## EXERCISE BRIEF:
Go through the records below and copy out every line that contains the word "Flat".
══════════
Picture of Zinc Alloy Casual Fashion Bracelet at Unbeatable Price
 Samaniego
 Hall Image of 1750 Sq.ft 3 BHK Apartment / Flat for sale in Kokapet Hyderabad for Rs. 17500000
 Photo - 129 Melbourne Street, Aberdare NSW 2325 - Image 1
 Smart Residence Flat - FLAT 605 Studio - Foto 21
══════════
## ANSWER TO THE PROBLEM:
 Hall Image of 1750 Sq.ft 3 BHK Apartment / Flat for sale in Kokapet Hyderabad for Rs. 17500000
 Smart Residence Flat - FLAT 605 Studio - Foto 21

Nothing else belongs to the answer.